For the first time in the Middle East, Siemens will show how digital technologies are essential to drive the region’s expanding food and beverage manufacturing sector, disrupt existing processes and create new business models. During Gulfood Manufacturing in Dubai (6-8 November) Siemens will demonstrate how industrial enterprises of all sizes can use the digital transformation to achieve consistently higher levels of product quality, plant availability, resource efficiency and flexibility, in order to meet individual customer requirements.
“As industrialization gathers pace in the Middle East, manufacturers must embrace the digital transformation to accommodate rapidly changing consumer expectations,” said Athar Siddiqui, Executive Vice President of the Digital Factory division, Siemens Middle East. “There is growing demand for customized, individualized products in the food and beverage industry, and digitalization allows manufacturers to meet this challenge competitively with higher levels of availability, quality, efficiency and flexibility.”

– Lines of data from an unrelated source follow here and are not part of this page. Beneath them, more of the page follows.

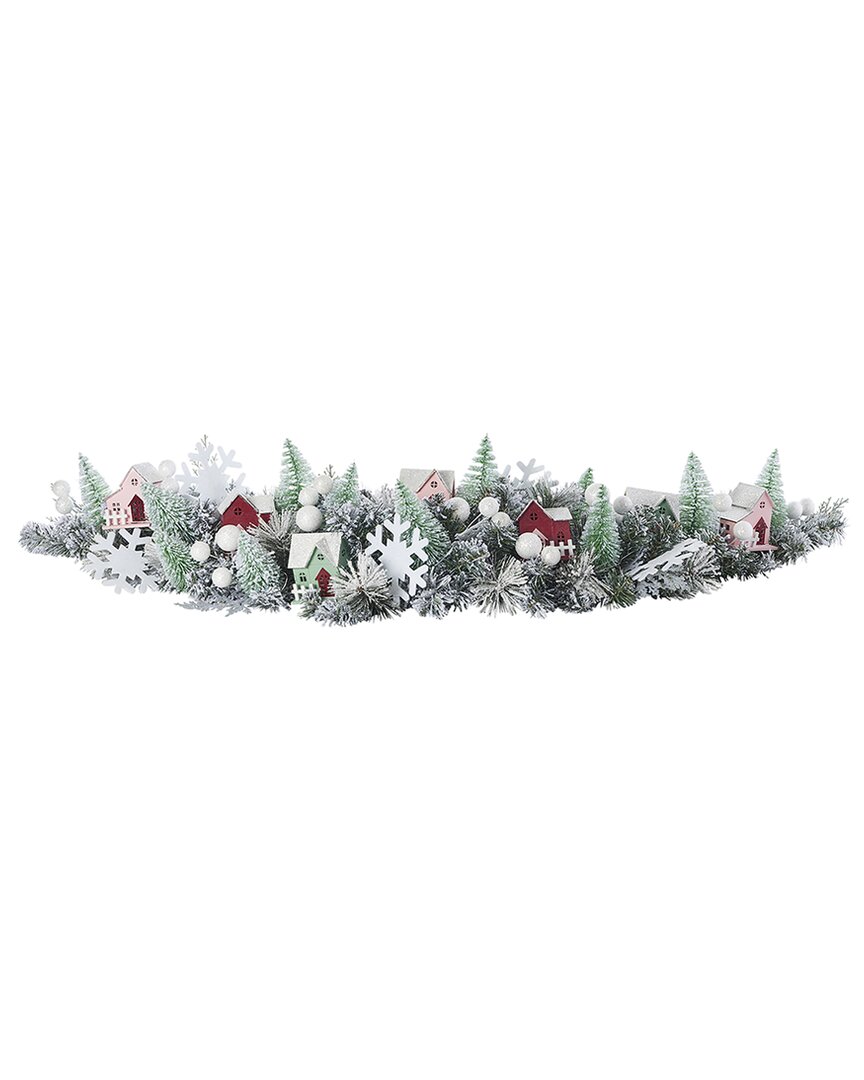 Seasonal Llc Snowy Cottage 60in Mantel Swag Pre-lit In Green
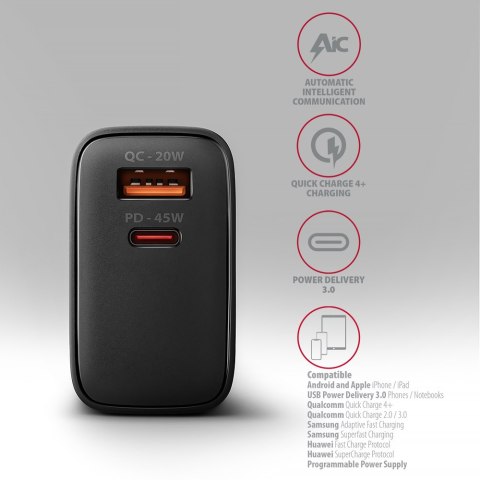 AXAGON GaN wallcharger 2x port (USB-A + USB-C), PD3.0/PPS/QC4+/SFC2.0/AFC/SCP/FCP/Apple, 45W | ACU-PQ45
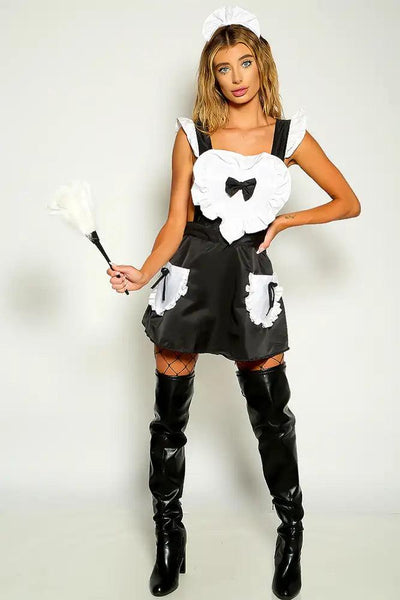 Black White Sleeveless Apron Style Maid Two Piece Costume - AMIClubwear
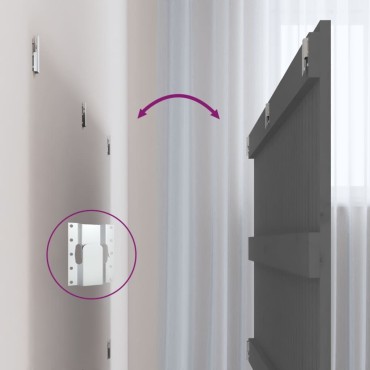 vidaXL Κεφαλάρι Τοίχου Γκρι 127,5x3x60cm από Μασίφ Ξύλο Πεύκου 1 τεμ.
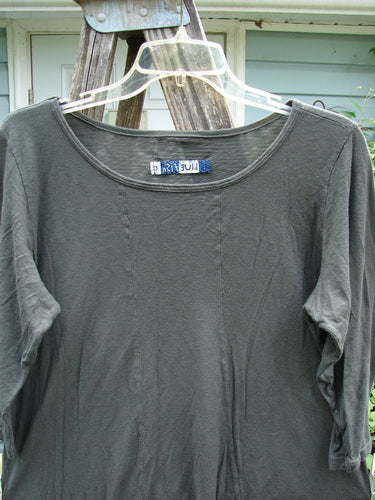 Barclay Slub New Hope Curve Seam Tee Unpainted Deepest Forest Size 0 features three-quarter sleeves, a rounded hemline, and dual curved seams, showcasing a relaxed fit in organic cotton slub.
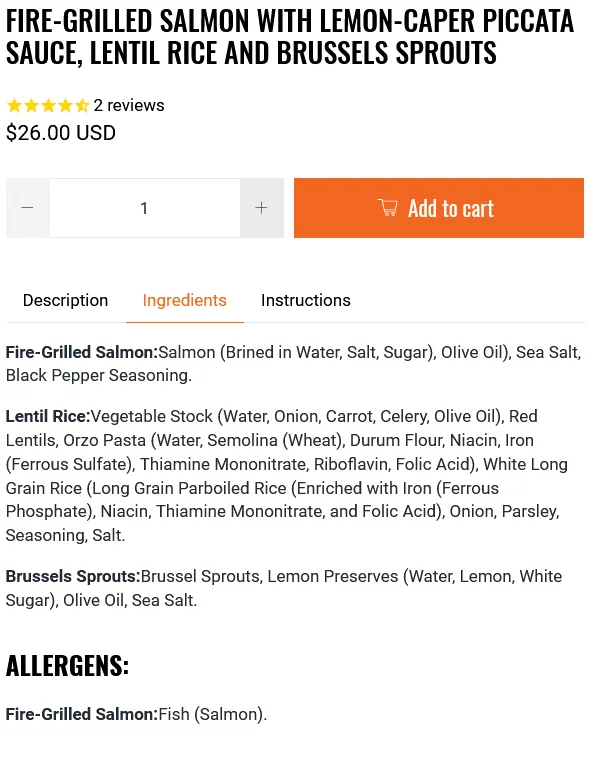 Screengrab of Home Bistro’s Fire-Grilled Salmon ingredients and allergen list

Rapidly changing consumer expectations are placing companies under increasing pressure to turn around ever more customized products within the shortest possible time, and all to an optimum, consistent standard of quality. The key to successfully addressing this challenge is digitalization. It allows companies to simulate, test and optimize products, production processes and plants in a totally virtual environment on the basis of a ‘digital twin’.
The digital twin of a product, machine or whole plant enables manufacturers to respond to rapidly changing market demands at every stage, utilizing data and end-to-end automation from the product idea to the manufacturing, filling, packaging and labeling. When creating a recipe for a new product, for instance, data relating to the ingredients is transferred directly to the label, taking into account legal rules and regulations. It also makes it possible to test out planned changes to the plant and what effect they will have on production capacity.
This capability permits the food industry – as applies in general to all sectors of the manufacturing and process industries – to significantly increase its innovation speed and boost its productivity, and also to take the lead in defining whole new business models. For example, the scope offered by digitalization enables consumers to design products and packaging in line with their own personal tastes, allowing customized, individual products to be mass produced.
The Middle East’s manufacturing sector is expanding rapidly as countries in the region seek to build increasingly diverse economies. The UAE, for example, is seeking to increase the contribution of the manufacturing sector to overall GDP from 11 percent to 25 percent by 2025.